> _Activity_:
Every line of the records below should be restated exactly.

> _Data for review_:
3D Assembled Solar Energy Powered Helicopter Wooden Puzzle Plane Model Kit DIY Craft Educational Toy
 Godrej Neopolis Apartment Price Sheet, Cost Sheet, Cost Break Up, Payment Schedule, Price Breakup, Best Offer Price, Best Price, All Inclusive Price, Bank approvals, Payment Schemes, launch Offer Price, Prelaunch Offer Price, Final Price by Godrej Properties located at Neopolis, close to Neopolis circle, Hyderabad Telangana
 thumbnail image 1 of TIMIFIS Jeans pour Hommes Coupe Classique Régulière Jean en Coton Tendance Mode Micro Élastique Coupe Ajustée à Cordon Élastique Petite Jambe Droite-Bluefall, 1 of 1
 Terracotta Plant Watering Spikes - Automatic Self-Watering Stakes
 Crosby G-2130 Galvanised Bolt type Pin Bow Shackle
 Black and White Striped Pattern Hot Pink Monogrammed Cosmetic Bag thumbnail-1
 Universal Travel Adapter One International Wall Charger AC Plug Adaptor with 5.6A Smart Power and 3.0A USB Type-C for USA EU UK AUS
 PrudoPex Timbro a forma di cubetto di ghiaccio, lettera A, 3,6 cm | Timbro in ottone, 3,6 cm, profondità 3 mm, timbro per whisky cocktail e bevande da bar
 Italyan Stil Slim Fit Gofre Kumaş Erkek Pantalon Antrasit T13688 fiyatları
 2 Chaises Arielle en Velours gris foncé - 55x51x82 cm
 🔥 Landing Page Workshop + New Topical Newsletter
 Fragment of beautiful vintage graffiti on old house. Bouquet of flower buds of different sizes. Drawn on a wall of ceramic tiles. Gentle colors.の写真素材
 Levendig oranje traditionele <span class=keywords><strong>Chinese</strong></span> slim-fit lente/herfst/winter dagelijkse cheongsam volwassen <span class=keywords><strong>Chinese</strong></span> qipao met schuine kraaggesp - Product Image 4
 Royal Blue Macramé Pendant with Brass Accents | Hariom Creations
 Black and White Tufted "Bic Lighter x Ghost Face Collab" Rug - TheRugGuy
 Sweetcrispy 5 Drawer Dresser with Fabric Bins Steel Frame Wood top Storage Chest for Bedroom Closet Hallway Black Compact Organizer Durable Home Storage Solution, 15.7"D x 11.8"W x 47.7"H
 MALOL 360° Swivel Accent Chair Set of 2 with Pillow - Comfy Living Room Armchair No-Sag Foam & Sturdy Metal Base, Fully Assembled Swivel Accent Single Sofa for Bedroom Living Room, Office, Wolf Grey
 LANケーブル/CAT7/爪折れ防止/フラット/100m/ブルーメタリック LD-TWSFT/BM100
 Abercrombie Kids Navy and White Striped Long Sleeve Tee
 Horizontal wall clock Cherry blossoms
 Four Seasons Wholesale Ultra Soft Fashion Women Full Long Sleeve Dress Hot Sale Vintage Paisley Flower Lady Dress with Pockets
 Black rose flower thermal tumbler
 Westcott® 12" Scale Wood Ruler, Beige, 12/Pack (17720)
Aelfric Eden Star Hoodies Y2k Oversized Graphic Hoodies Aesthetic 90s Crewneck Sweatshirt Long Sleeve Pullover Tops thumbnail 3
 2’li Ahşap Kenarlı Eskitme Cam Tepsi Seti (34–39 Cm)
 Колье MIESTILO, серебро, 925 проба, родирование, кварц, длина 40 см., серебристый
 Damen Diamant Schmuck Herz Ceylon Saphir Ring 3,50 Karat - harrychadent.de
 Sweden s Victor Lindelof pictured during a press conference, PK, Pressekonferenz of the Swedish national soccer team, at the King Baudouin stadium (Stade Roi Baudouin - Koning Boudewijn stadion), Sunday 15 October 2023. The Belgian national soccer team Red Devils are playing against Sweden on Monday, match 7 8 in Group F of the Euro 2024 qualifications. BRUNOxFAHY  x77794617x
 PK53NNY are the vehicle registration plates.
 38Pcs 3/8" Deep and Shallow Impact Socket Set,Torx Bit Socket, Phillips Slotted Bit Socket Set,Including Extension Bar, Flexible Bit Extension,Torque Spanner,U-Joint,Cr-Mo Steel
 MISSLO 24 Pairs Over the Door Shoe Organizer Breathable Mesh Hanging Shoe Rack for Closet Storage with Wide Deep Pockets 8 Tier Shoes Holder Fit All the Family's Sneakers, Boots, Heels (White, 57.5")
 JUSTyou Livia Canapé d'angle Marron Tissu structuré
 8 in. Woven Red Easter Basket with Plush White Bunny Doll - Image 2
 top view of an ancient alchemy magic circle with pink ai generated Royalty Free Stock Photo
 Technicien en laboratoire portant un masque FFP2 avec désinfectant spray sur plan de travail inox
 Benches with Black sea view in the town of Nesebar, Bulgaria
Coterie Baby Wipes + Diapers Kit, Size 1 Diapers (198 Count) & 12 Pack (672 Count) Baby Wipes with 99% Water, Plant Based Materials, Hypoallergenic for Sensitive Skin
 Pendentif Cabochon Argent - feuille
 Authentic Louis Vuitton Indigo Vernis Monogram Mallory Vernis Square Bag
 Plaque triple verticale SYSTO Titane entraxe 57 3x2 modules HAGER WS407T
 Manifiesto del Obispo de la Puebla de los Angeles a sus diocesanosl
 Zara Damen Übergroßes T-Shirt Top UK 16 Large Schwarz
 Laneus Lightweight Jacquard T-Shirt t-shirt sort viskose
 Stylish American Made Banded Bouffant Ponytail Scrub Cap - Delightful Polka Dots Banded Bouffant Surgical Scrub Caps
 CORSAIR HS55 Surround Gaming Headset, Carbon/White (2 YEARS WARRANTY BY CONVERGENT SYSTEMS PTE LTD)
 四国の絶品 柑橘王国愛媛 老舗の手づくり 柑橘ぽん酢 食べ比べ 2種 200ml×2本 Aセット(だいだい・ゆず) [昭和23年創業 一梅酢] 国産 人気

> _Solution to this problem_:
3D Assembled Solar Energy Powered Helicopter Wooden Puzzle Plane Model Kit DIY Craft Educational Toy
 Godrej Neopolis Apartment Price Sheet, Cost Sheet, Cost Break Up, Payment Schedule, Price Breakup, Best Offer Price, Best Price, All Inclusive Price, Bank approvals, Payment Schemes, launch Offer Price, Prelaunch Offer Price, Final Price by Godrej Properties located at Neopolis, close to Neopolis circle, Hyderabad Telangana
 thumbnail image 1 of TIMIFIS Jeans pour Hommes Coupe Classique Régulière Jean en Coton Tendance Mode Micro Élastique Coupe Ajustée à Cordon Élastique Petite Jambe Droite-Bluefall, 1 of 1
 Terracotta Plant Watering Spikes - Automatic Self-Watering Stakes
 Crosby G-2130 Galvanised Bolt type Pin Bow Shackle
 Black and White Striped Pattern Hot Pink Monogrammed Cosmetic Bag thumbnail-1
 Universal Travel Adapter One International Wall Charger AC Plug Adaptor with 5.6A Smart Power and 3.0A USB Type-C for USA EU UK AUS
 PrudoPex Timbro a forma di cubetto di ghiaccio, lettera A, 3,6 cm | Timbro in ottone, 3,6 cm, profondità 3 mm, timbro per whisky cocktail e bevande da bar
 Italyan Stil Slim Fit Gofre Kumaş Erkek Pantalon Antrasit T13688 fiyatları
 2 Chaises Arielle en Velours gris foncé - 55x51x82 cm
 🔥 Landing Page Workshop + New Topical Newsletter
 Fragment of beautiful vintage graffiti on old house. Bouquet of flower buds of different sizes. Drawn on a wall of ceramic tiles. Gentle colors.の写真素材
 Levendig oranje traditionele <span class=keywords><strong>Chinese</strong></span> slim-fit lente/herfst/winter dagelijkse cheongsam volwassen <span class=keywords><strong>Chinese</strong></span> qipao met schuine kraaggesp - Product Image 4
 Royal Blue Macramé Pendant with Brass Accents | Hariom Creations
 Black and White Tufted "Bic Lighter x Ghost Face Collab" Rug - TheRugGuy
 Sweetcrispy 5 Drawer Dresser with Fabric Bins Steel Frame Wood top Storage Chest for Bedroom Closet Hallway Black Compact Organizer Durable Home Storage Solution, 15.7"D x 11.8"W x 47.7"H
 MALOL 360° Swivel Accent Chair Set of 2 with Pillow - Comfy Living Room Armchair No-Sag Foam & Sturdy Metal Base, Fully Assembled Swivel Accent Single Sofa for Bedroom Living Room, Office, Wolf Grey
 LANケーブル/CAT7/爪折れ防止/フラット/100m/ブルーメタリック LD-TWSFT/BM100
 Abercrombie Kids Navy and White Striped Long Sleeve Tee
 Horizontal wall clock Cherry blossoms
 Four Seasons Wholesale Ultra Soft Fashion Women Full Long Sleeve Dress Hot Sale Vintage Paisley Flower Lady Dress with Pockets
 Black rose flower thermal tumbler
 Westcott® 12" Scale Wood Ruler, Beige, 12/Pack (17720)
Aelfric Eden Star Hoodies Y2k Oversized Graphic Hoodies Aesthetic 90s Crewneck Sweatshirt Long Sleeve Pullover Tops thumbnail 3
 2’li Ahşap Kenarlı Eskitme Cam Tepsi Seti (34–39 Cm)
 Колье MIESTILO, серебро, 925 проба, родирование, кварц, длина 40 см., серебристый
 Damen Diamant Schmuck Herz Ceylon Saphir Ring 3,50 Karat - harrychadent.de
 Sweden s Victor Lindelof pictured during a press conference, PK, Pressekonferenz of the Swedish national soccer team, at the King Baudouin stadium (Stade Roi Baudouin - Koning Boudewijn stadion), Sunday 15 October 2023. The Belgian national soccer team Red Devils are playing against Sweden on Monday, match 7 8 in Group F of the Euro 2024 qualifications. BRUNOxFAHY  x77794617x
 PK53NNY are the vehicle registration plates.
 38Pcs 3/8" Deep and Shallow Impact Socket Set,Torx Bit Socket, Phillips Slotted Bit Socket Set,Including Extension Bar, Flexible Bit Extension,Torque Spanner,U-Joint,Cr-Mo Steel
 MISSLO 24 Pairs Over the Door Shoe Organizer Breathable Mesh Hanging Shoe Rack for Closet Storage with Wide Deep Pockets 8 Tier Shoes Holder Fit All the Family's Sneakers, Boots, Heels (White, 57.5")
 JUSTyou Livia Canapé d'angle Marron Tissu structuré
 8 in. Woven Red Easter Basket with Plush White Bunny Doll - Image 2
 top view of an ancient alchemy magic circle with pink ai generated Royalty Free Stock Photo
 Technicien en laboratoire portant un masque FFP2 avec désinfectant spray sur plan de travail inox
 Benches with Black sea view in the town of Nesebar, Bulgaria
Coterie Baby Wipes + Diapers Kit, Size 1 Diapers (198 Count) & 12 Pack (672 Count) Baby Wipes with 99% Water, Plant Based Materials, Hypoallergenic for Sensitive Skin
 Pendentif Cabochon Argent - feuille
 Authentic Louis Vuitton Indigo Vernis Monogram Mallory Vernis Square Bag
 Plaque triple verticale SYSTO Titane entraxe 57 3x2 modules HAGER WS407T
 Manifiesto del Obispo de la Puebla de los Angeles a sus diocesanosl
 Zara Damen Übergroßes T-Shirt Top UK 16 Large Schwarz
 Laneus Lightweight Jacquard T-Shirt t-shirt sort viskose
 Stylish American Made Banded Bouffant Ponytail Scrub Cap - Delightful Polka Dots Banded Bouffant Surgical Scrub Caps
 CORSAIR HS55 Surround Gaming Headset, Carbon/White (2 YEARS WARRANTY BY CONVERGENT SYSTEMS PTE LTD)
 四国の絶品 柑橘王国愛媛 老舗の手づくり 柑橘ぽん酢 食べ比べ 2種 200ml×2本 Aセット(だいだい・ゆず) [昭和23年創業 一梅酢] 国産 人気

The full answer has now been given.